C-diff has grown resistant to certain antibiotics that work against

other colon bacteria. The result: When patients take those

antibiotics, particularly clindamycin, competing bacteria die off

and C-diff explodes.

One of the 33 patients in the report died -- a 31-year-old

Pennsylvania woman who was 14 weeks pregnant with twins when she

first went to the emergency room with symptoms. Despite treatment

with antibiotics considered effective against C-diff, she lost the

fetuses and then died.

Ten of the 33 were otherwise healthy pregnant women or women who had

recently given birth who had had brief hospital stays. The rest were

people in the Philadelphia area who had not been in a hospital in

the three months before their illness.

The New England Journal of Medicine article looked at C-diff samples

taken between 2000 and 2003 from eight hospitals in six states --

Georgia, Illinois, Maine, New Jersey, Oregon and Pennsylvania.
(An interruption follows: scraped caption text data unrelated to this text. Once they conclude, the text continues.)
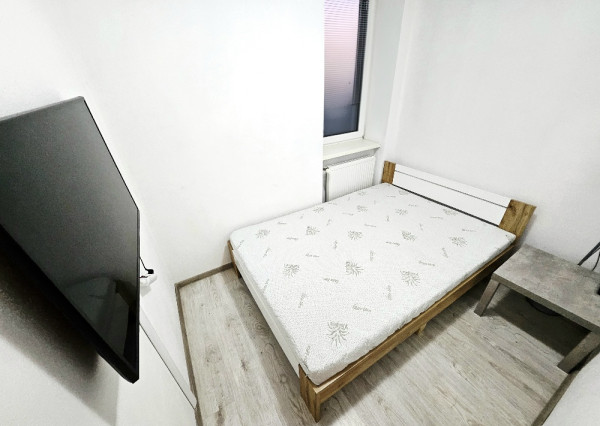 PRENÁJOM Bánovce nad Bebravou/1 IZBOVÝ BYT/CENTRUM/BALKÓN/PIVNICA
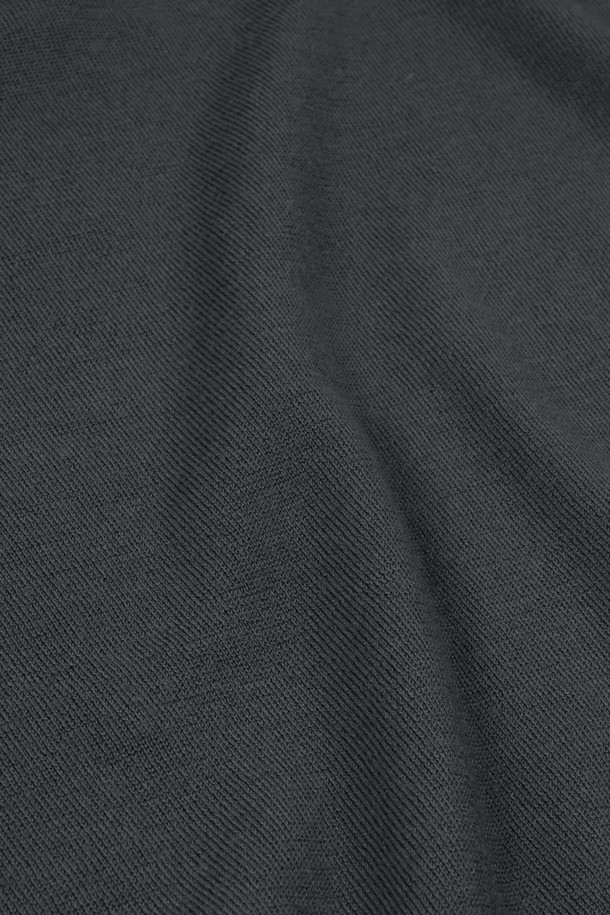 베이직하고 캐주얼한 스타일의 워셔블 코튼 포켓 카라 니트입니다. 봄, 가을에 적합하며, 부드러운 촉감의 면 소재로 제작되어 편안한 착용감을 선사합니다. 레귤러핏과 긴소매 디자인으로, 일상복뿐만 아니라 출근룩이나 비즈니스 캐주얼에도 활용하기 좋습니다. 깔끔한 무지 디자인에 포켓 디테일이 더해져 실용성을 높였으며, 워셔블 기능으로 관리가 용이합니다. 블랙 컬러로 어떤 스타일에도 쉽게 매치할 수 있는 미니멀하고 클래식한 아이템입니다.
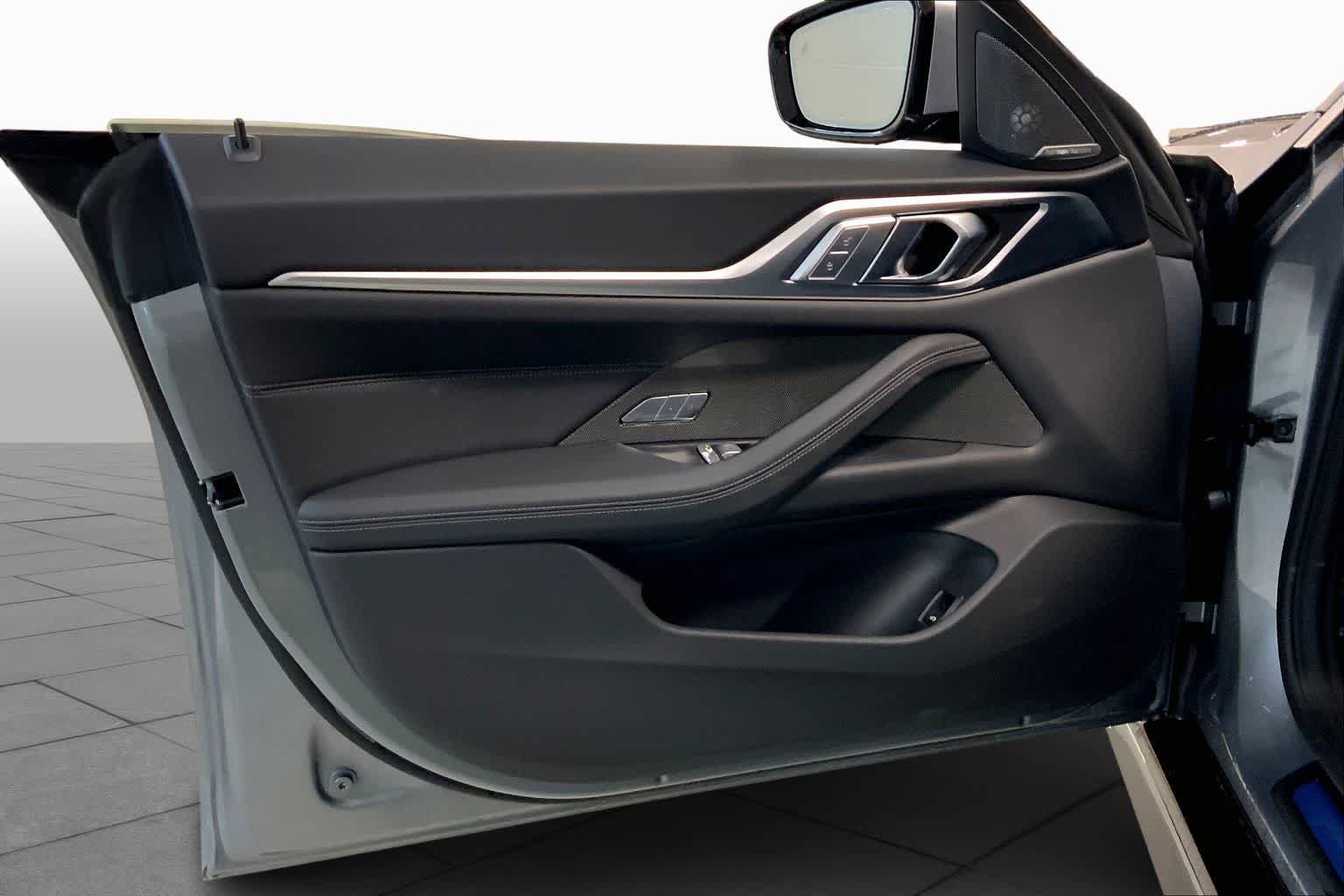 New 2026 BMW 430i xDrive w/ Premium Package AWD/4WD image 10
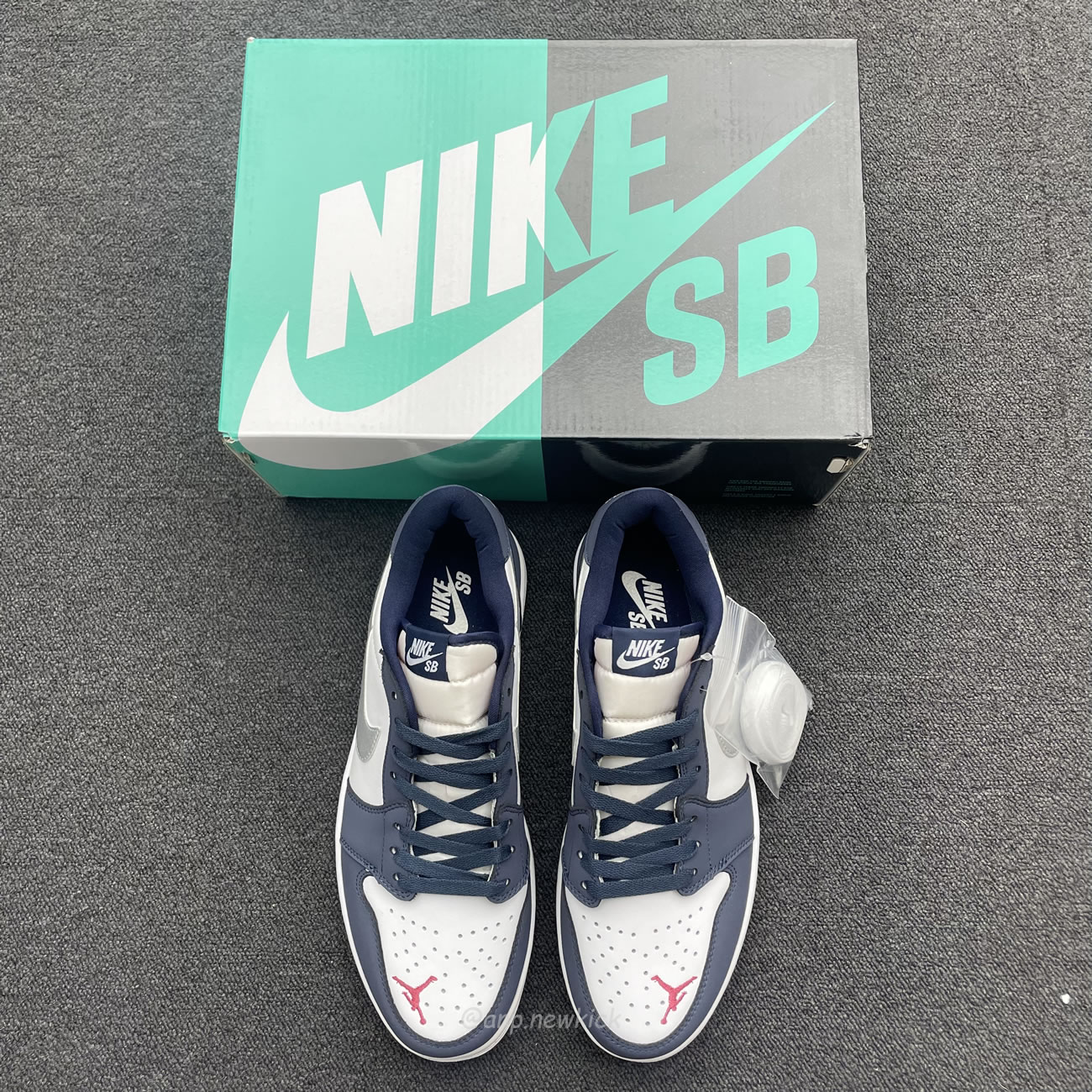 Air Jordan 1 Low Sb Midnight Navy Cj7891 400 (13) - www.newkick.org Air Jordan 1 Low Sb Midnight Navy Cj7891 400 (13) - www.newkick.org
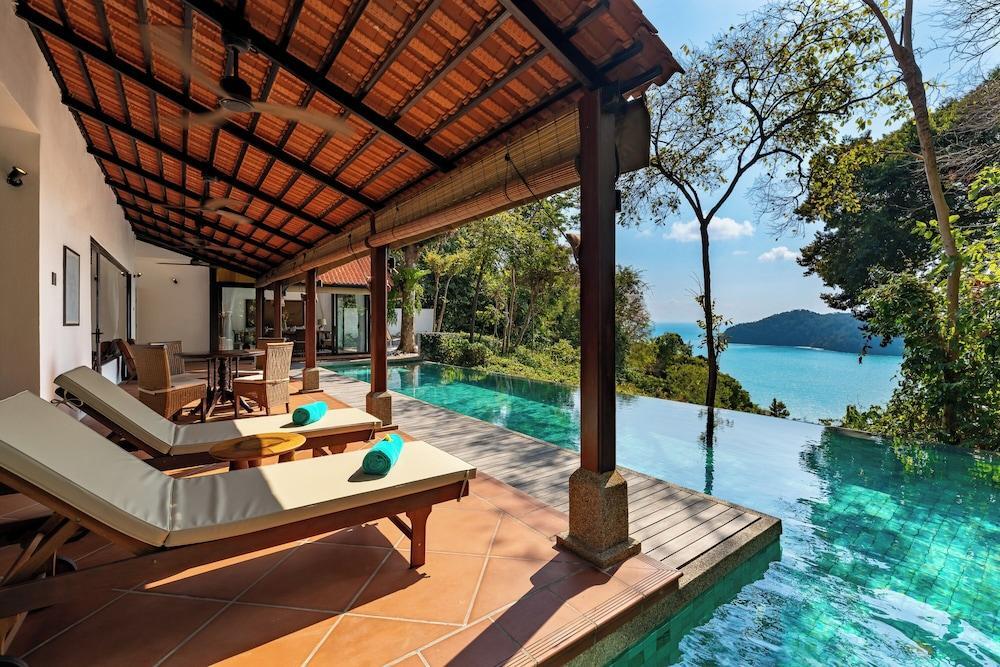 Ambong Pool Villas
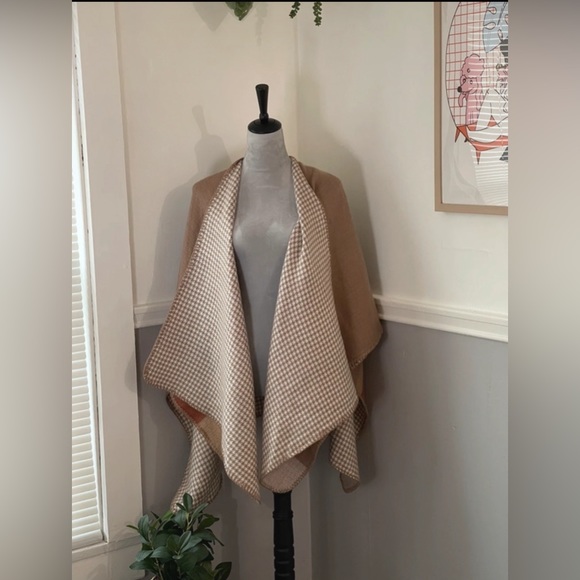 NWOT Mixit Reversible Houndstooth & Stripes Shrug Poncho - Picture 5 of 8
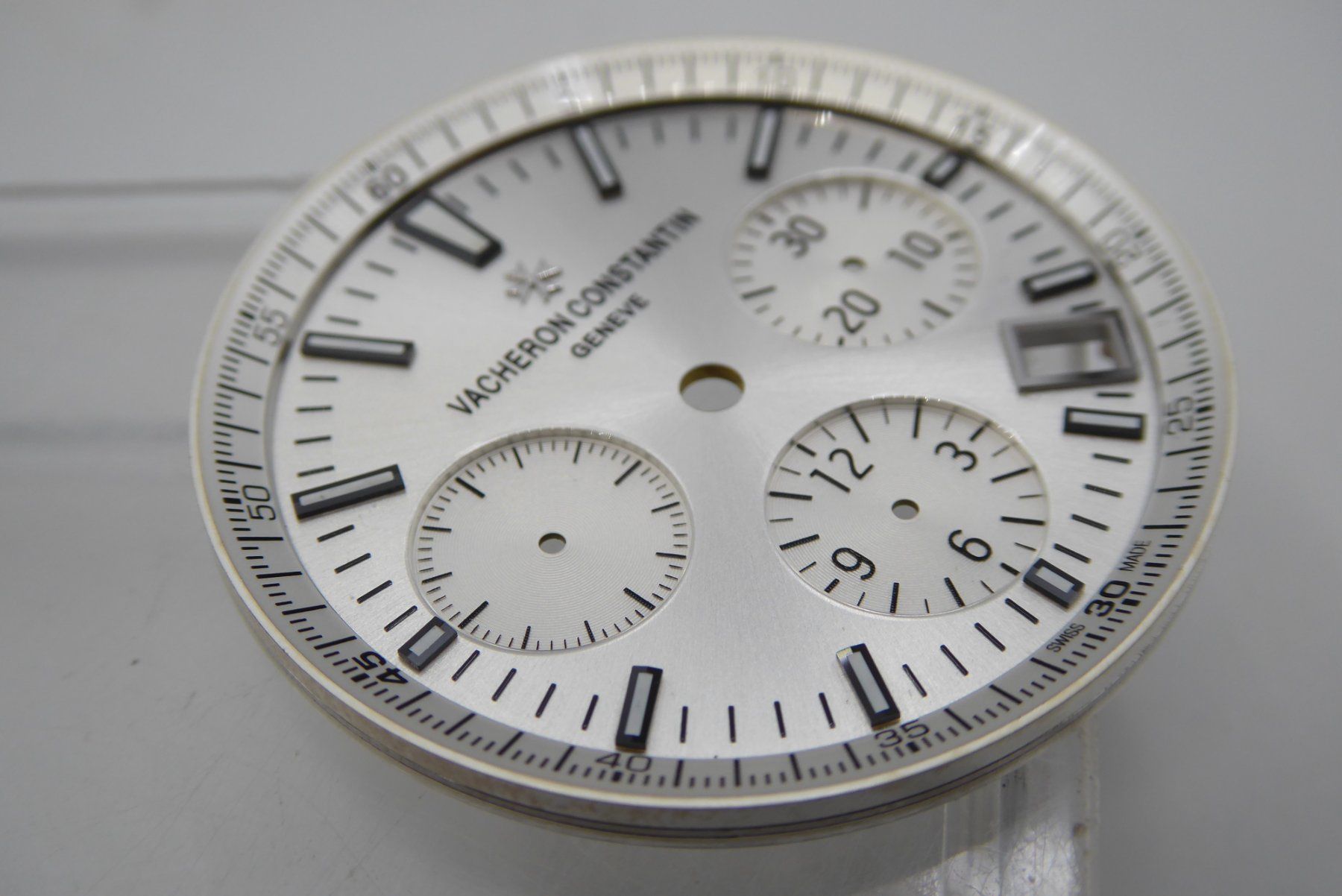 Vacheron Orologi: Vacheron Constantin Overseas Chronograph silver dial 5500V – Nuovo (secondo la descrizione) da Geneve venduto da adr_xk6n 5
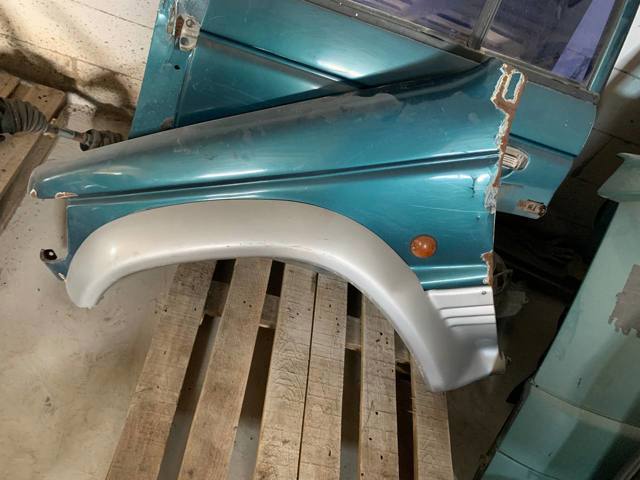 Переднее левое крыло MB835533 MITSUBISHI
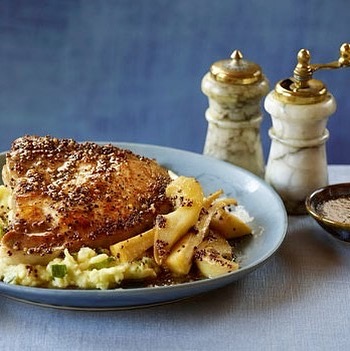 These savory pork chops pair perfectly with the sweet and bright flavour of Ontario Pears and Parsnips in this delicious dish. Serve over mashed potatoes with a mustard and maple glaze for a hearty fall supper. Find the recipe link in our bio. #loveONTfood #fallrecipes @ontarioporkfoodlandontario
The researchers found that a virulent strain of C-diff rarely seen

before 2000 accounted for more than half of the samples taken in the

hospitals. What's more, the BI strain -- as it is called -- seems to

have built resistance to two of the newest antibiotics in the

fluoroquinolones class commonly used in hospitals.

Much of the data was presented at a scientific meeting in Boston

last year, Mc said.

Another NEJM article looked at the occurrence of C-diff in 12

hospitals in Quebec. Researchers counted 1,703 patients with C-diff

illnesses, and 422 died within 30 days of diagnosis.

Exposure to fluoroquinolones and other antibiotics was clearly a

risk for patients, according to the Canadian researchers who wrote

the article.

Doctors watching for C-diff in hospitals and nursing home patients

need to look for it in other patients as well, Mc said.

Patients need to be wary too. " If you have severe diarrhea, seek

attention from a physician, " he said.